Ha ha, love the harmonica germ case (at least that's what it looks like).  All the best man, I'll be following.


----------



## 85cannabliss (Sep 16, 2007)

pull up a seat PEZ, a little update. my freezer was rather bodge  so i decided to change the whole thing here; 
http://www.marijuanapassion.com/forum/showthread.php?p=148818#post148818

so here are the babies;
the back 2 on the left are Jamaican Sunshine 
then the 2 front ones on either side are Afghan#1
and then in the centre Mel Weed (AKA The Mystery Girl)

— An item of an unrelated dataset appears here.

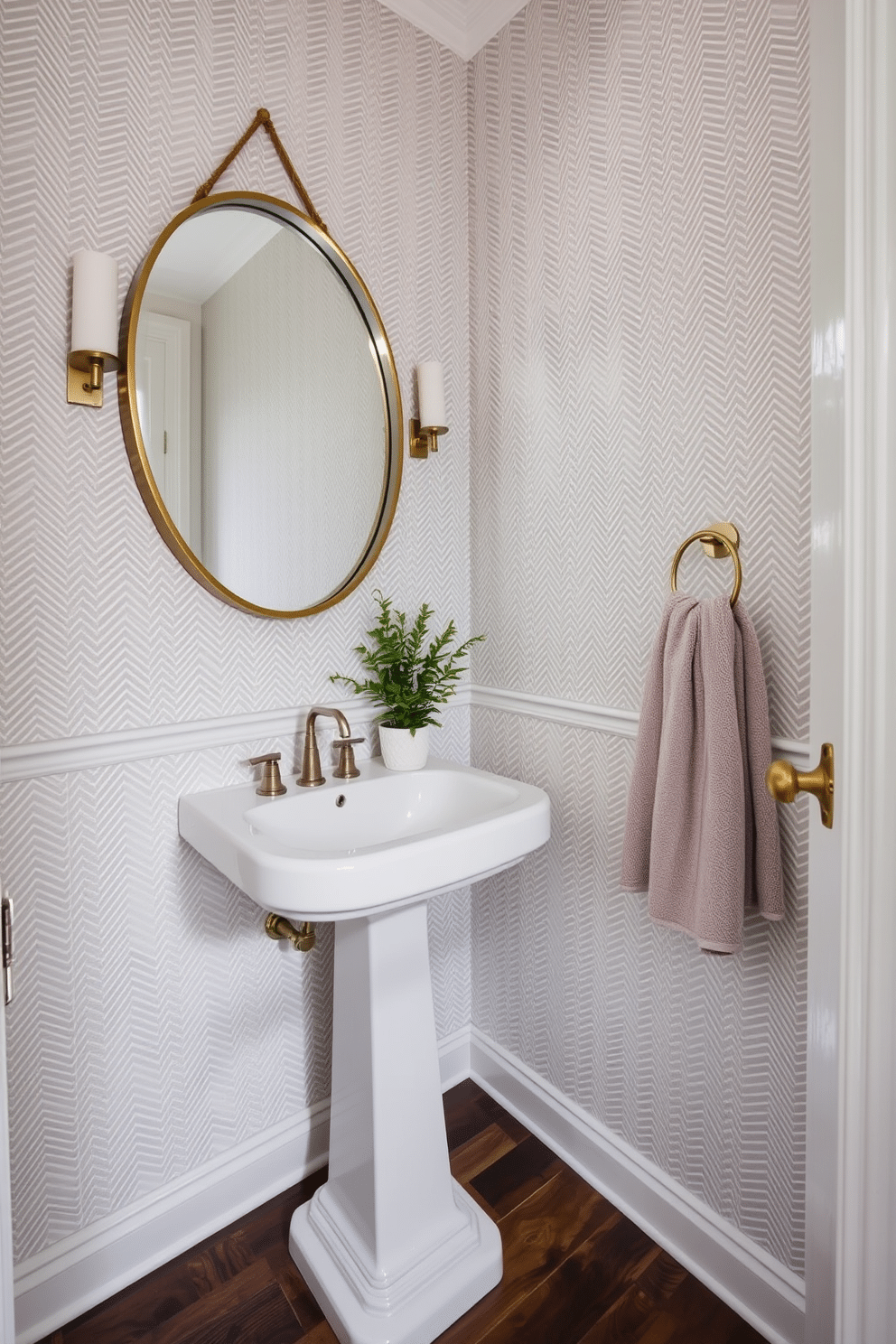 A chic powder room adorned with a herringbone-patterned wallpaper in soft gray tones, creating a sophisticated and inviting atmosphere. The room features a sleek white pedestal sink with a polished chrome faucet and a round mirror framed in brushed brass, reflecting the elegant design. The floor is laid with dark hardwood, contrasting beautifully with the light wallpaper and enhancing the room's warmth. A small potted plant sits on the sink, adding a touch of greenery, while a plush hand towel in a complementary shade hangs neatly nearby.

unforunately the early misty seeds still havent cracked  but they look like they are 3 times the size before germination. does this mean it will be soon?!?!?


----------



## 85cannabliss (Sep 20, 2007)

well its update time. i took the pics lat night but i was too wasted to post them so here they are. 1st up is the mystery girl, weve decided to tie her down to try and fill the space a little more, rememba there will be less plants in there after the males are gone . 
ok, then we have the jamaican 3ways followed by the afghan#1's. ill not go into detail with this, but i think the fish blood in the soil is too much for 1 of the jamaicans  it has new growth, but the first (1 finger) leaf is going dry and crispy. the other babies are doing ok, except for very slightly lighter colour green tips. this happened to the mystery girl when she was put into the soil too, and shes doing ok now so im not gonna get myself worked up about it just yet 

enjoy 85C out.


----------



## 85cannabliss (Sep 20, 2007)

oh and here is 1 of the not so good Jamaican  (sorry about the pic quality)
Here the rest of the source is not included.